Sa reconversion a été rythmée par plusieurs remises en question, portant sur son identité culturelle et artistique. « Quand j’étais en école d’art, j’étais dans la perspective de réussir rapidement, donc il fallait que je m’adapte au programme et aux attentes. Mais ça ne me plaisait pas. Je me reconvertissais pour que ça me plaise. C’est donc pour ça que je dessine ce que j’aime réellement. Je pensais qu’en me spécialisant, ça me fermerait des portes mais lors de mon premier marché, je me suis rendue compte que ça attirait les gens et qu’ils avaient pas mal de question par rapport à ça », confie-t-elle.

Depuis, Melody Ung a collaboré avec différentes personnalités. Elle a notamment illustré les livres La cuisine vietnamienne illustrée de Nathalie Nguyen et Est-ce que tu as faim ? de Grace Ly. Elle travaille également avec des agences de communication et des associations telles que Banh Mi.

Une identité plurielle, source de création infinie

L’ histoire mouvementée du Vietnam a créé des destins exceptionnels et tragiques.
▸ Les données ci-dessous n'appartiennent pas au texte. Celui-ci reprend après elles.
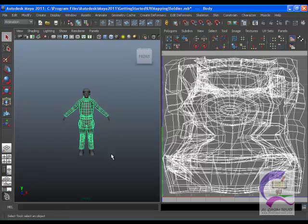You will notice that the UVs for the body, arms and legs are scattered in a pattern that doesn't resemble the actual model. This isn't very helpful for painting a texture map.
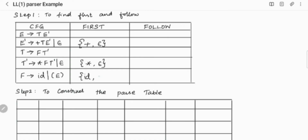We will now find the FIRST of F. The FIRST of F includes id and open brackets, since F derives id directly and also open brackets from the production F tends to open bracket E close bracket.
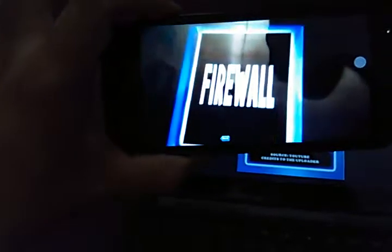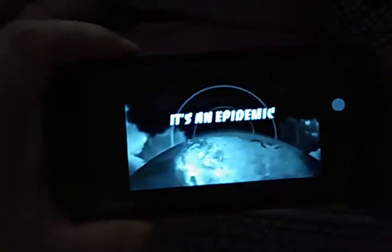So there's also firewall covered. That's all, thanks.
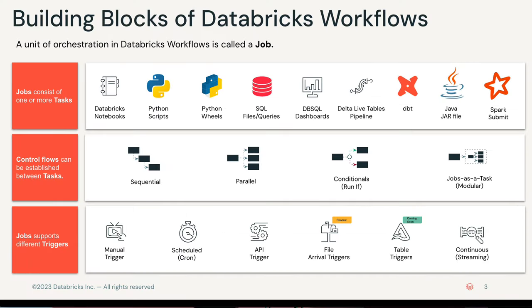Before I tell you more about the solution we have built for Jane to support her vinyl record shop, I want to attach the usual disclaimer that a lot of those capabilities I'm showing you here are still in preview. It might take a little bit until they show up in your own personal Databricks workspace.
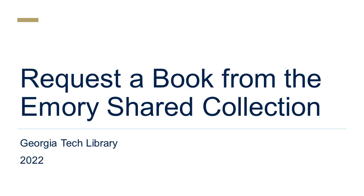Welcome to this tutorial on requesting books from Emory. This video will take you through the steps to request a book from the Emory University Library's shared collection with Georgia Tech.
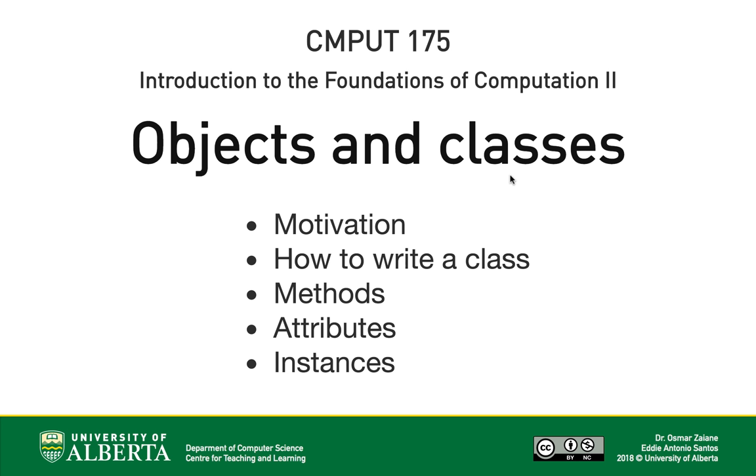Hello and welcome to Compute175. Today we'll discuss objects and classes. We'll discuss how classes can model things in the real world, and we'll learn how to write a Python class from scratch. Then we'll learn about the components of a class, methods and attributes, and how to use classes by creating instances.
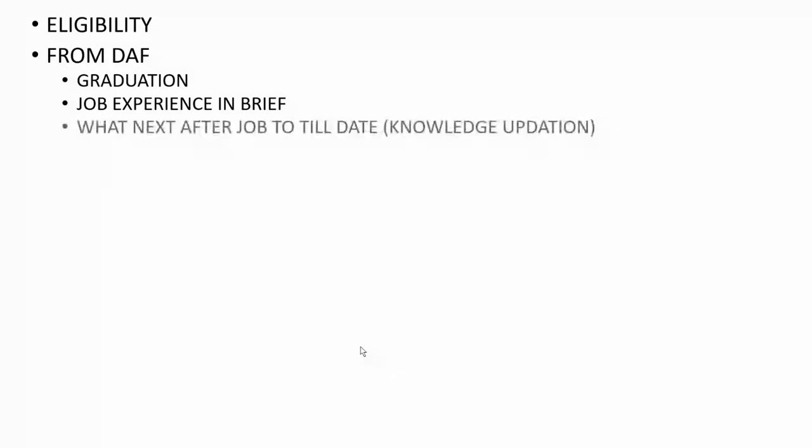They asked in brief about what was my job profile, what was the reason for leaving my job, and what were my roles and responsibilities. Next, after the job to till date, that means the interview date, what I have done in terms of knowledge updation. If you are preparing for any competitive exam, that is not knowledge updation because you are just preparing whatever you studied in B.Tech in a focused manner.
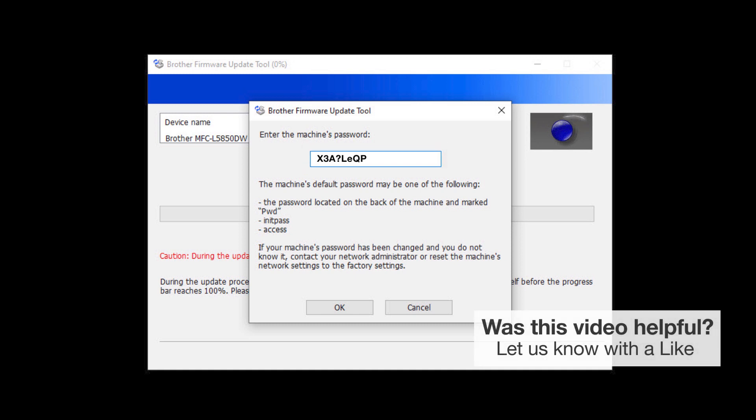If your password is not accepted, contact your system administrator and ensure that the password has not been changed.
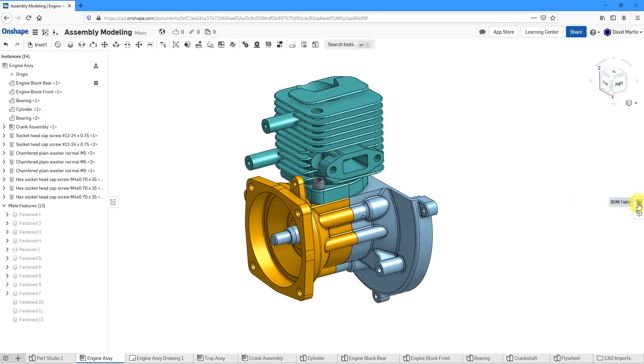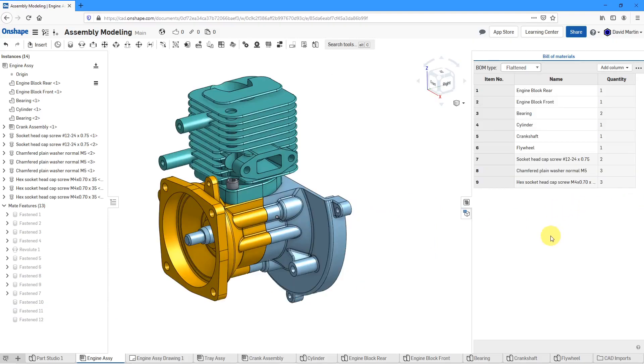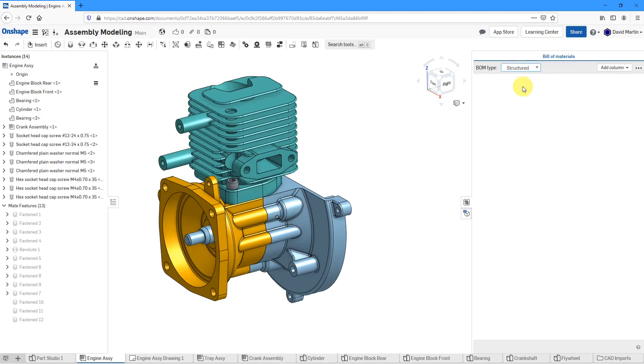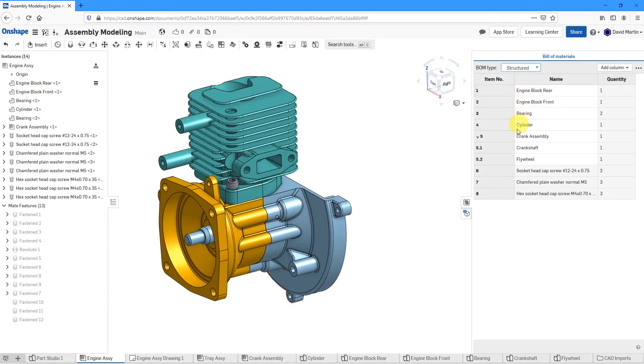From the flyout on the right, we can display the BOM table. And right now I am showing a flattened BOM. From the drop-down list, I can change this to a structured BOM.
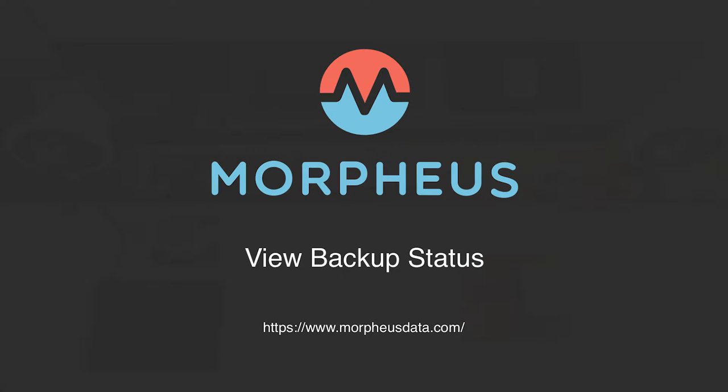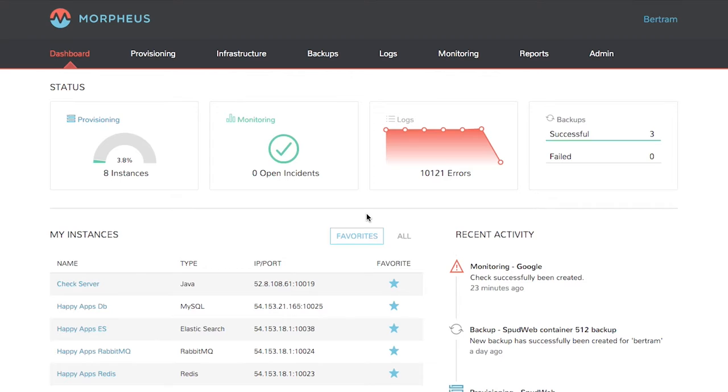Welcome to the Morpheus Minute. Today we're going to take a quick tour of backups. The Morpheus platform is engineered to provide a full suite of tools to manage everything from infrastructure to applications. Along with the platform comes native backups. Morpheus can integrate with third-party tools like Commvault or run native backups.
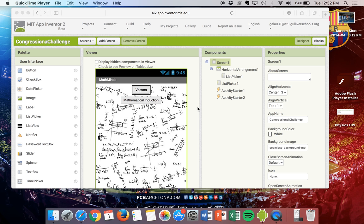Hello everyone, my name is Daniel Galarraga and today I'll be talking about the app I created which is called Math Minds. I believe that an app that provides tutorials on vectors and mathematical induction would be extremely helpful because people generally struggle with these areas.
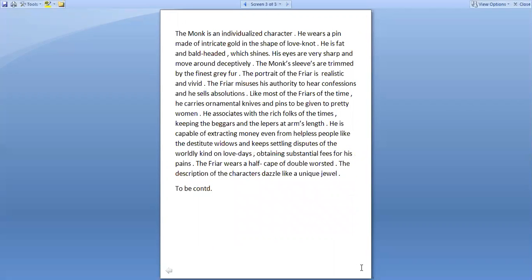The monk is a highly individualized character. He wears a pin made of wrought gold or intricate gold design in the shape of a love knot. He is fat and bald headed with shines. His eyes are very sharp and move around deceptively. The monk's sleeves are trimmed by the finest gray fur.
La génération ayant grandit dans l’ Hexagone, s’inspire de cet héritage culturel et familial pour proposer des oeuvres et des produits singuliers.

Zoé Renard, directrice artistique, présente une exposition sur sa quête identitaire en tant qu’adoptée vietnamienne. ©Oanh LE

Zoé Renard, 26 ans, directrice artistique dans la communication, a été adoptée à l’âge de 2 ans. Elle présente au Cam on day, une exposition photo sur son premier voyage au Vietnam intitulé Le premier retour au pays en tant qu’enfant adopté. A travers cette exposition, la jeune femme retrace sa quête identitaire, sans idéalisation et parfois teintée de déception.

 « Contrairement aux autres de la diaspora, je n’ai pas reçu le patrimoine culturel vietnamien. En voulant me rapprocher de mes origines, je ne savais pas à quel modèle me fier. Ce voyage au Vietnam a été un peu particulier car je ne reconnectais pas avec les gens. Le ressenti que j’ai eu c’était plus celui d’une touriste plutôt qu’une vietnamienne qui retourne au pays » , avoue-t-elle. Pour autant, cette première connexion avec son pays natal ne l’empêche pas d’ envisager « d’y retourner pour y vivre quelques années ». 

Zoé a depuis crée un espace d’échange appelé Hybrids où les adoptés et les personnes hybrides peuvent s’exprimer librement, sans jugement.

Si le marché de créateur·ices a mis en avant des parcours éclectiques, l’ identité plurielle de la diaspora vietnamienne s’est particulièrement exprimée lors d’une projection de courts-métrages. Les visiteurs ont ainsi pu découvrir le travail de différents réalisateurs tels que Kenny Kenneth, mettant en scène son père, un boat people, ou encore celui d’ Etienne Truong, eurasien, racontant un lourd secret familial. Ces histoires, jusqu’ici restées silencieuses, ont trouvé dans cette nouvelle génération, des conteurs désireux de les partager avec le monde entier.